▶ Work task
For this exercise, restate word for word only the lines from the one containing "Ayia Napa Orea Villa OR9" through the last line below. Pictures do not get copied.

▶ Data block

======

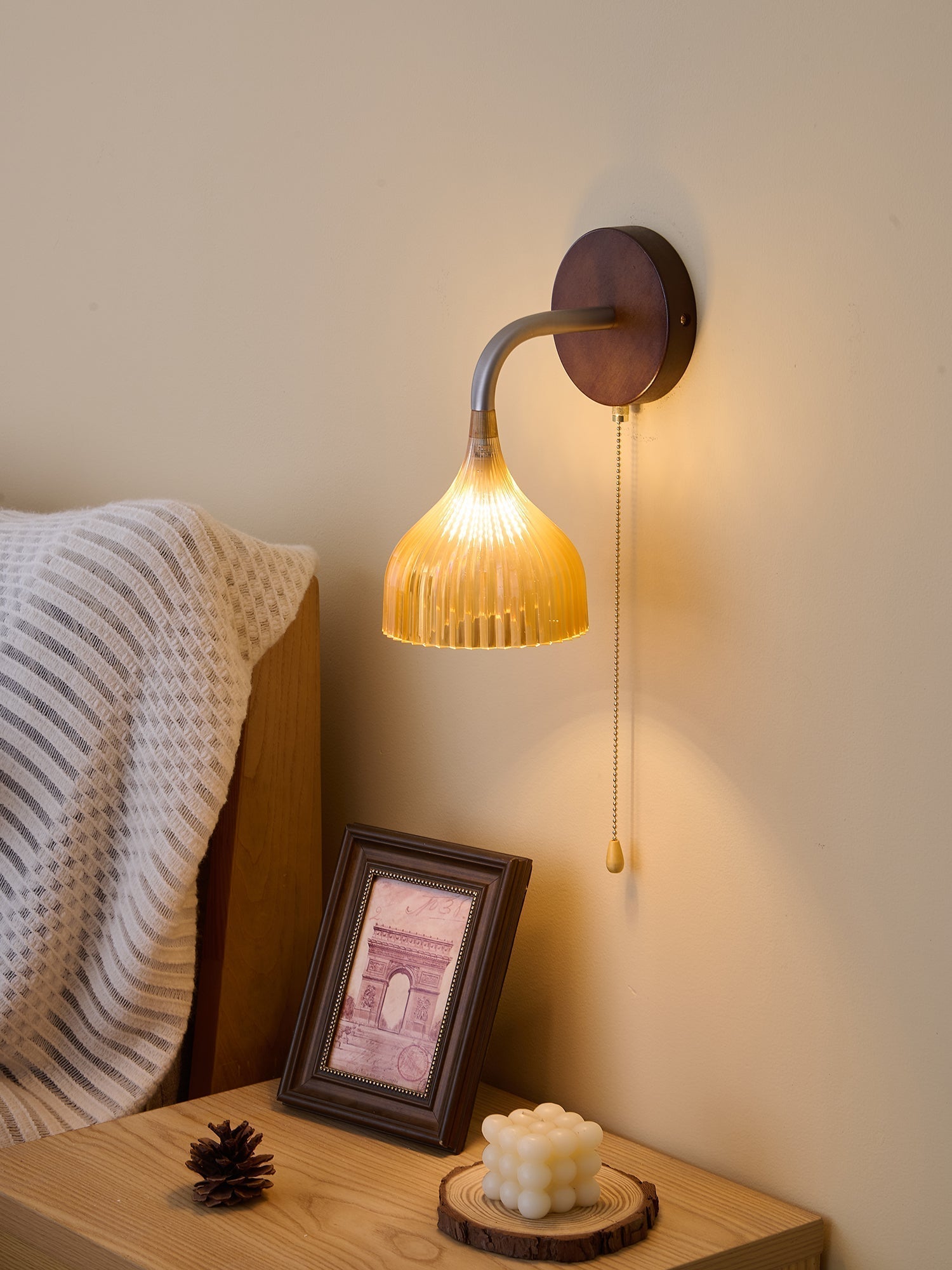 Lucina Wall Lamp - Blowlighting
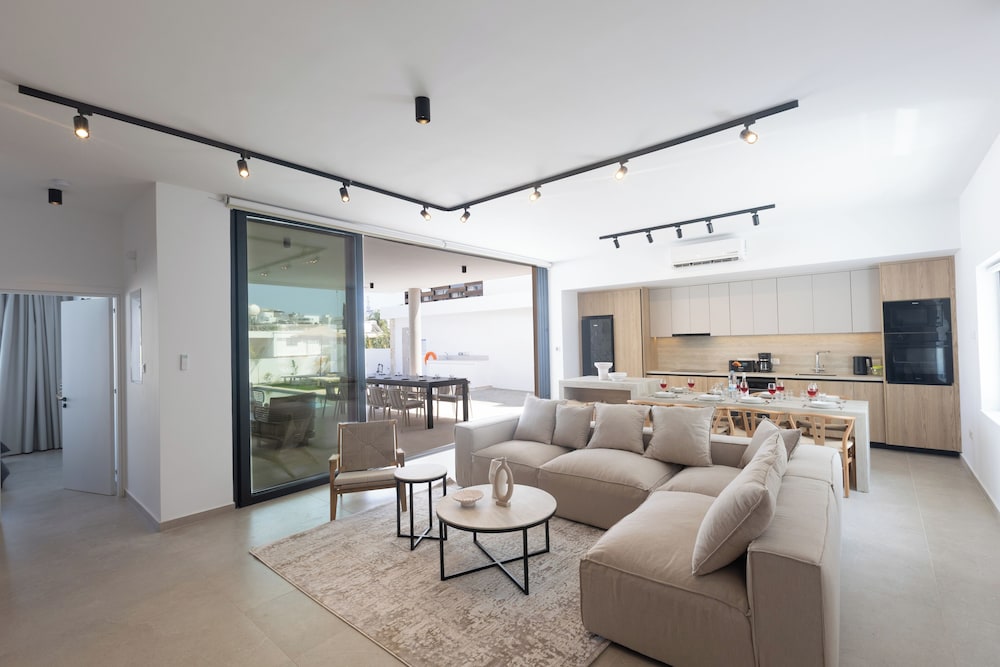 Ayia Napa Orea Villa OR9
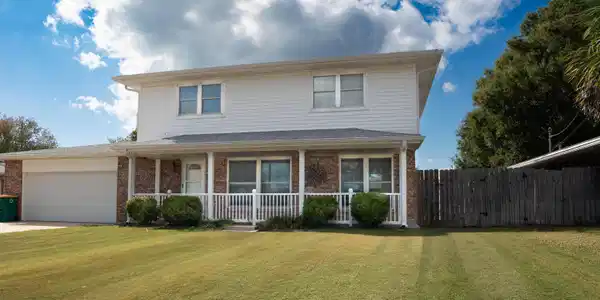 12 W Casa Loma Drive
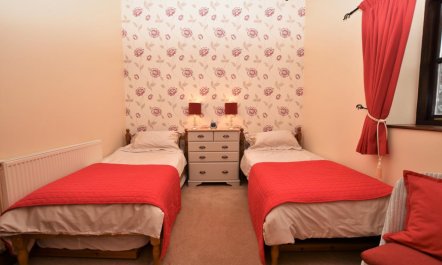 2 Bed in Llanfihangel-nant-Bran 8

======

▶ Exercise response
 Ayia Napa Orea Villa OR9
 12 W Casa Loma Drive
 2 Bed in Llanfihangel-nant-Bran 8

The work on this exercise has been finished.